Конечно, я попытался разместить все эти изображения по стенам нового жилища, но оказалось, что пригодна только одна глухая стена в большой комнате. Там я всё и развесил, аккуратно забивая гвоздик за гвоздиком в неизвестность столетней стены.
Однажды архитектор Сухраб всё-таки убедил меня, что надо «содрать к чертям старухины обои», а ремонт можно сделать за сутки, просто слегка зашпаклевав грубую стену и покрасив в выбранный цвет. Мы начали с большой комнаты. Обои поддавались легко, но под ними оказалось ещё немало культурных слоёв, предпоследними были тёмно зелёные бумажные пласты в стиле «небрежный Малевич», уже под ними я удовольствием читал газеты того самого 1912 года, когда дом был построен.
Но было ещё одно удивительное открытие! Та самая стена, на которой я развесил все картины, картинки и фотографии, была просто изрешечена дырками от гвоздей, гвоздиков и шурупов. Как далеко за городом, в ясную ночь, когда нет луны, видно белое от звёзд небо, на той стене было что-то вроде негатива Млечного Пути.
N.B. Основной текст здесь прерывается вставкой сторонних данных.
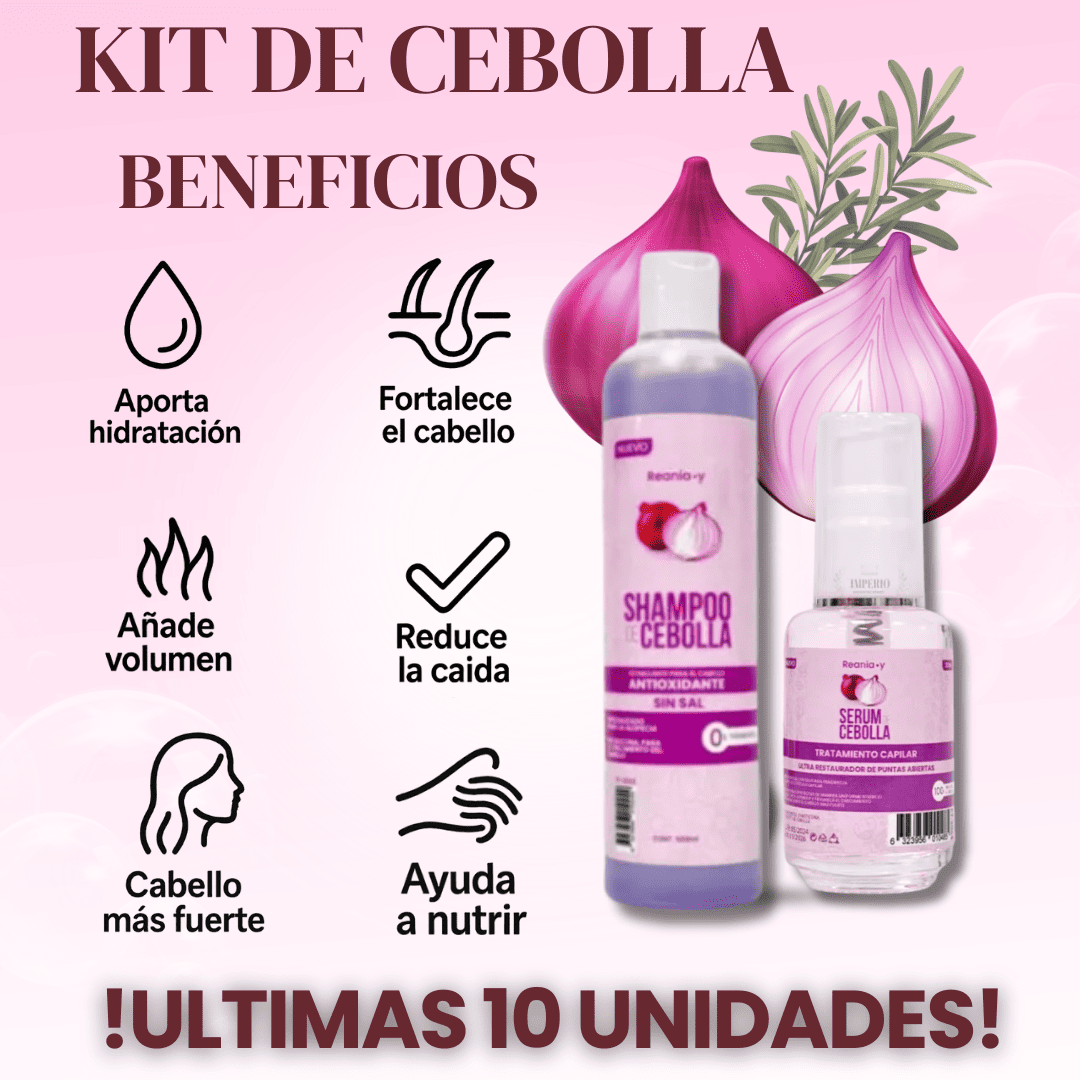 Onia® Shampoo + Serum de cebolla y romero con Tonico de Regalo🎁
Сосчитать, сколько картинок повесили именно в этом углу квартиры, за сто лет было просто невозможно, ведь дырки ложились одна на другую и рассыпались в разные стороны, панорама заканчивалась примерно в метре от пола и лишь сантиметров десять не доходила до потолка.
Я тогда очень бережно относился к артефактам, а это, несомненно, был целый мемориал. Мои десять дырочек просто потерялись в этом вековом величии. Но Сухраб первым проложил неровную линию шпатлёвки и сунул мне в руку шпатель, чтобы я тоже не терял время.
Больше там ничего не висело. Сухраб объяснил мне, что все эти картинки, сжимают пространство, и без того, небольшой комнаты. Без них, и вправду, комната словно раздвинулась на пару метров.
Лишь картину Данила Ситникова «Двое в кафе» (у него не было подарка на мой день рождения в Екатеринбурге 97-ом, вот он и нарисовал новую картину, она ещё не высохла, когда он её принёс) я повесил туда же, где она висела ещё на обоях, в правый верхний угол уже замазанной стены. Дырка от её гвоздя стала единственной звездой в огромном негативе самой широкой стены столетней квартиры на Большом Проспекте Петроградской стороны в доме с двойным номером 38-40.